Di norma i derivati vengono utilizzati proprio per realizzare strategie di hedging, ovvero per ridurre il rischio che interessa un determinato strumento finanziario sul quale è stato fatto l’investimento.

Il funzionamento dell’ hedging è semplice dal momento che si basa sul concetto di compensazione, attraverso l’apertura di una posizione opposta tramite il derivato (che non prevede il possesso e il trasferimento del sottostante), rispetto a quella aperta con l’investimento.

I contratti per differenza vengono spesso utilizzati quindi con questo obiettivo, ma l’hedging può essere usato anche nel caso in cui siano gli stessi cfd il tipo di strumento da “assicurare”.

Quando utilizzare l’hedging con i Cfd

Sia nel caso in cui i Cfd vengano utilizzati come copertura dell’investimento principale, e sia nel caso in cui vengano adottati per ridurre il rischio collegato all’investimento in Cfd, bisogna accertarsi che si verifichino alcune condizioni che coinvolgono sempre il sottostante.

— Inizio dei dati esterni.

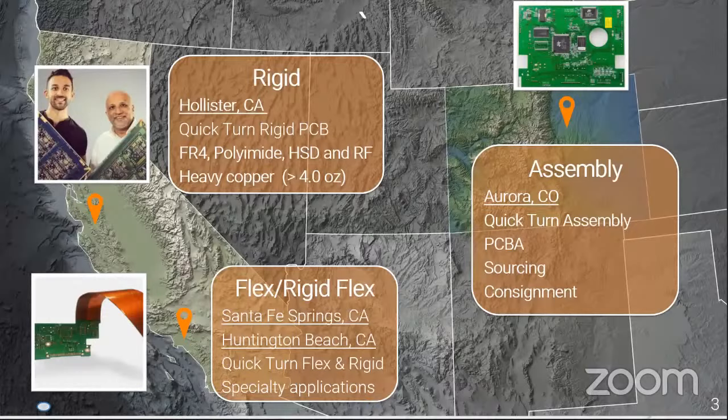We are located all over the United States. We have a rigid PCB manufacturing facility in Hollister, California, focused on rigid designs. Flex and rigid-flex in Southern California. We fly everything overnight to Advanced Assembly in Aurora, Colorado, where we're centrally located for distribution. While boards are being made, we're collecting your parts — ready to go the second those boards land, and we'll get them populated in a matter of hours. We sometimes do things in as little as one shift — incredible quick turns we call miracle turns.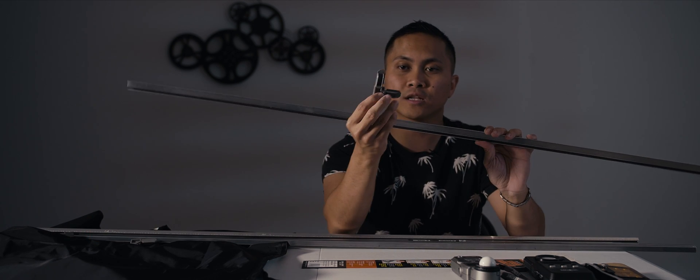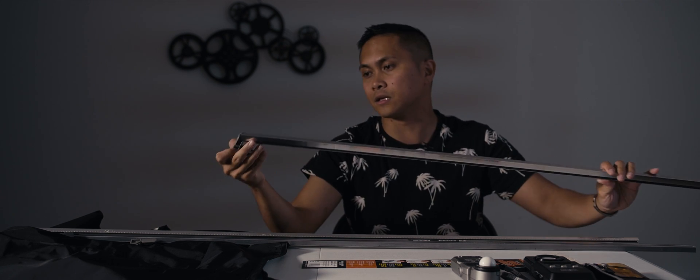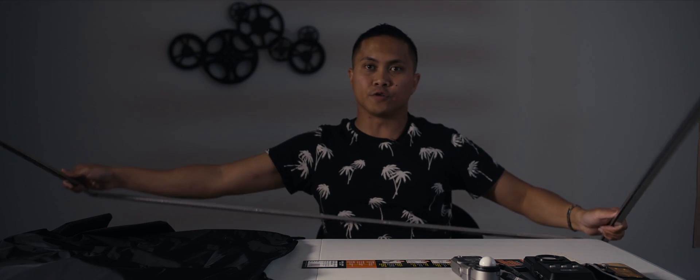It's really simple. You're going to get the aluminum frame and you're going to get these little connectors and you just connect all four of them to pretty much form a square. That's it — there you go, done. You have yourself a 4x4 diffusion frame.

Generalmente infatti si ricorre allo hedging quando si verifica una volatilità, nel mercato del sottostante, fuori dalla media, oppure quando si ‘trada’ su strumenti con range molto ampi e bassa liquidità (alcuni momenti di mercato per le materie prime, oppure per determinate valute, ecc).

Come utilizzare lo hedging

Anche per quanto riguarda il tipo di scelta da attuare per realizzare la copertura del rischio di perdite, bisogna guardare al comportamento e alle condizioni di mercato relativo al sottostante.

In particolare si possono fare le seguenti scelte:

  • Aprire una posizione opposta, quando ad esempio si è in guadagno e si pensa che ci possa essere un’inversione imminente di trend, ma non si vuole ancora chiudere la posizione per non perdere le ulteriori occasioni di guadagno che si possono verificare (fino a quando cioè il trend non si invertirà di fatto);
  • Effettuare operazioni di acquisto e vendita sfruttando i picchi di volatilità, a ridosso di eventi e comunicazioni che possono produrre questi effetti;
  • Adottare strategie di hedging per proteggersi davanti a situazioni incontrollabili.

Per la prima ipotesi bisogna guardare il trend mostrato dal sottostante, ed eventualmente andare a fare una valutazione dell’andamento storico, mentre per il secondo caso basta andare a controllare quali sono i dati macro più rilevanti messi in calendario, oppure se si è a ridosso di una possibile decisione da parte di una banca centrale sull’aumento dei tassi, ecc.

Ovviamente la capacità di adottare le strategie di hedging suggerisce di farlo ogni qualvolta sia possibile per proteggersi almeno in parte da quelle situazioni on prevedibili.

Le modalità di hedging

Ci sono due possibili scelte. La prima è quella che richiede l’apertura di una posizione opposta alla direzione del trading (che riguarda sia l’ipotesi di protezione del guadagno una volta realizzato, che quella di protezione più generica e che mira solo alla riduzione dal rischio davanti a situazioni non prevedibili). In questo caso si apre una posizione short se quella originaria è long, e viceversa.

Più complicata è l’ipotesi dello scambio continuo tra posizioni short e long per sfruttare i momenti di picco della volatilità, dato che richiede maggiore presenza sul mercato, maggiore esperienza e migliore capacità di ricerca nell’ambito delle informazioni rilevanti.